> **ASSIGNMENT**
Could you give the listing again exactly, without its pictures?

> **SUPPLIED INFORMATION**
--
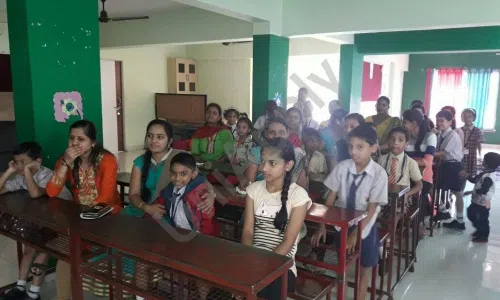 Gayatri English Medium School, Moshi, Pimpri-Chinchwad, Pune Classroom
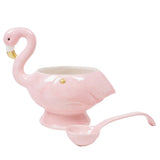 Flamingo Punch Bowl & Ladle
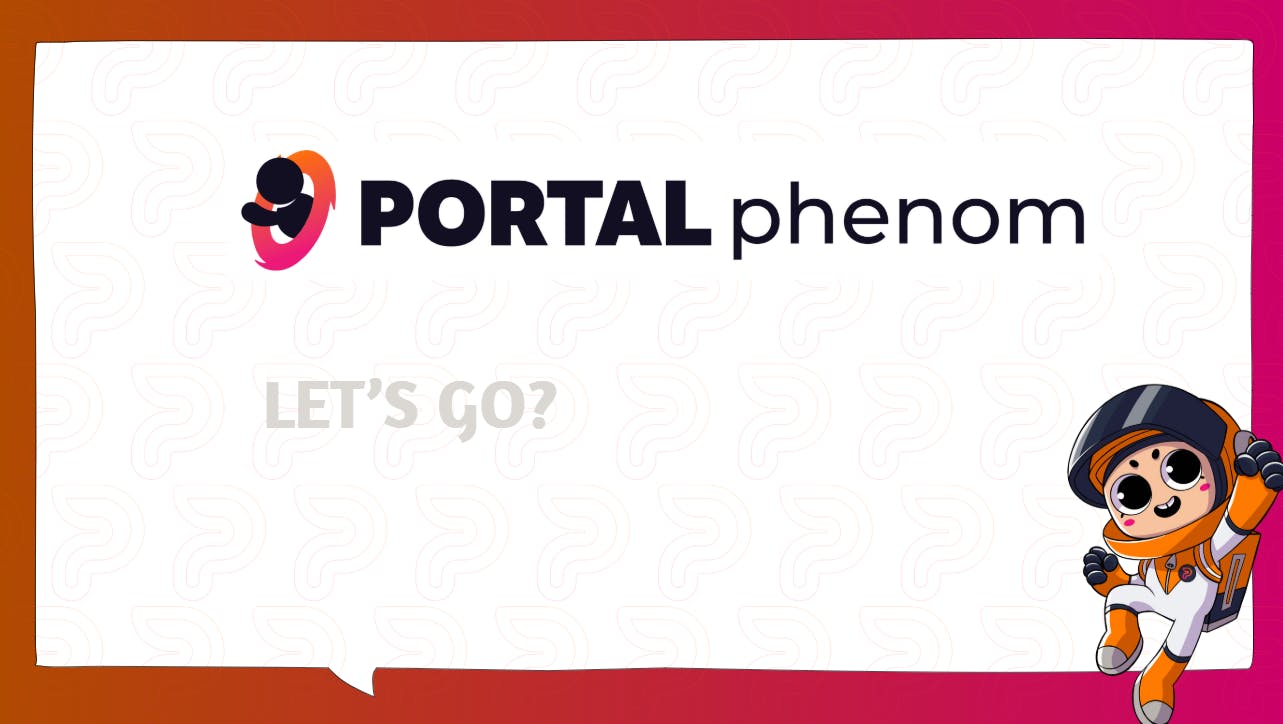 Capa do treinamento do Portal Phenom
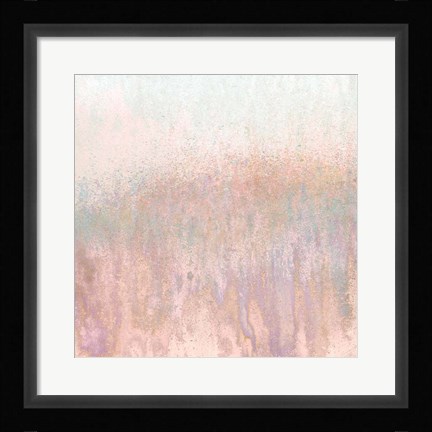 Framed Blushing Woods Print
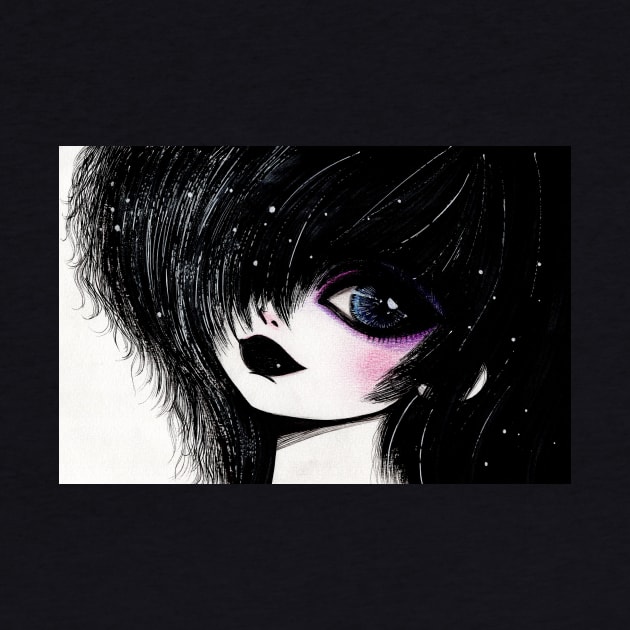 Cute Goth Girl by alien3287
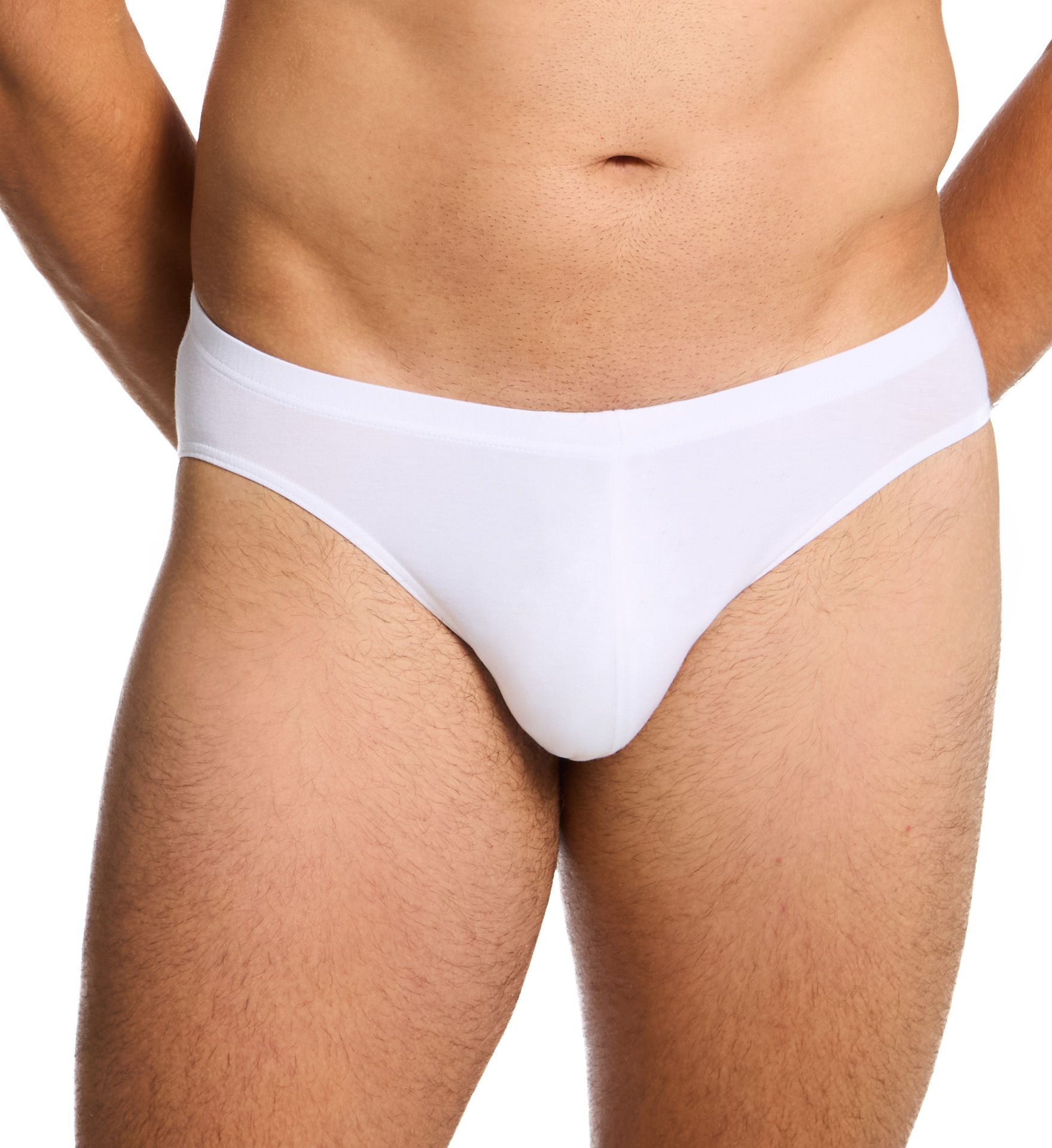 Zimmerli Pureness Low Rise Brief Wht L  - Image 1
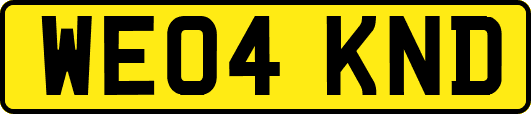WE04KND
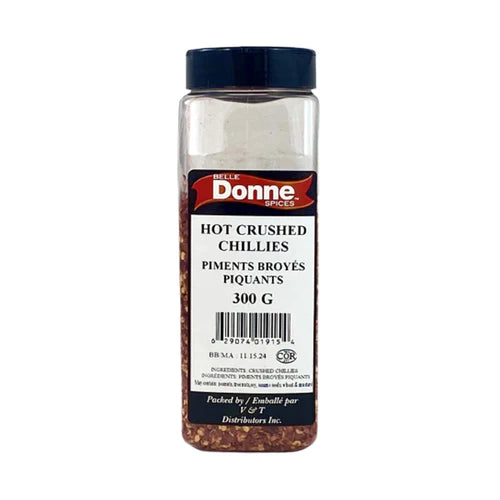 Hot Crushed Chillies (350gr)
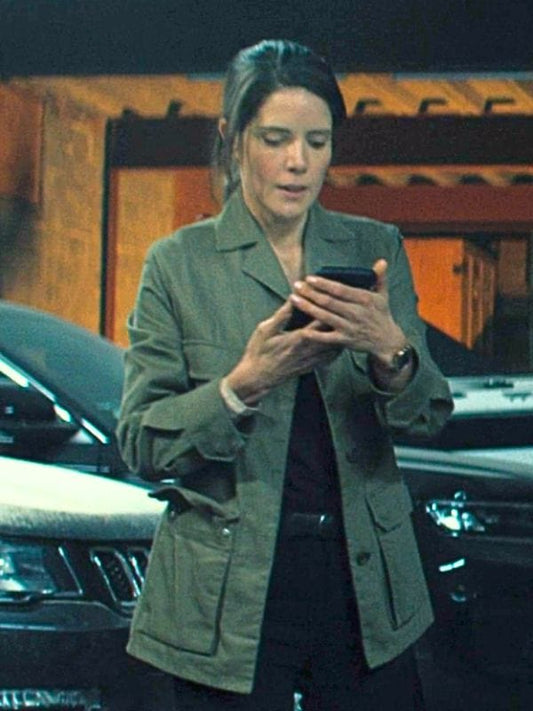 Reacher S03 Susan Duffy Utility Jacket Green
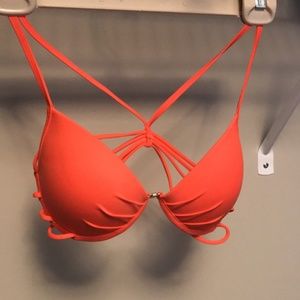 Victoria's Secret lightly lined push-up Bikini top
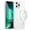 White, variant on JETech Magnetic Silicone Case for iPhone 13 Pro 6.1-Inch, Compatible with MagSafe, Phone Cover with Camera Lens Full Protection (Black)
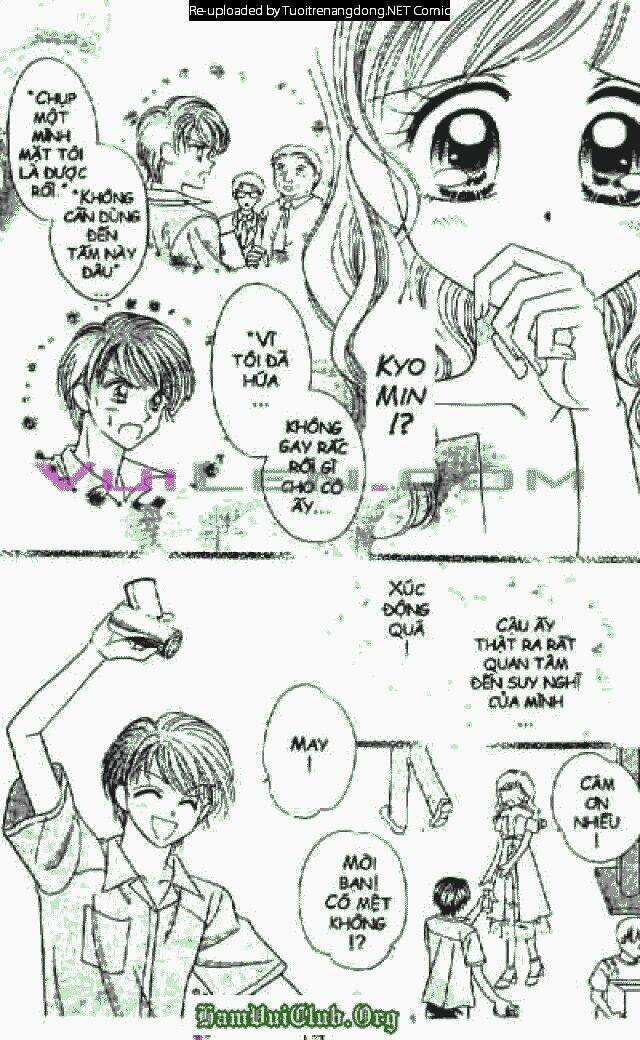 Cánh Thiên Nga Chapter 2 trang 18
--
> **EXPECTED ANSWER**
 Gayatri English Medium School, Moshi, Pimpri-Chinchwad, Pune Classroom
 Flamingo Punch Bowl & Ladle
 Capa do treinamento do Portal Phenom
 Framed Blushing Woods Print
 Cute Goth Girl by alien3287
 Zimmerli Pureness Low Rise Brief Wht L  - Image 1
WE04KND
 Hot Crushed Chillies (350gr)
 Reacher S03 Susan Duffy Utility Jacket Green
 Victoria's Secret lightly lined push-up Bikini top
 White, variant on JETech Magnetic Silicone Case for iPhone 13 Pro 6.1-Inch, Compatible with MagSafe, Phone Cover with Camera Lens Full Protection (Black)
 Cánh Thiên Nga Chapter 2 trang 18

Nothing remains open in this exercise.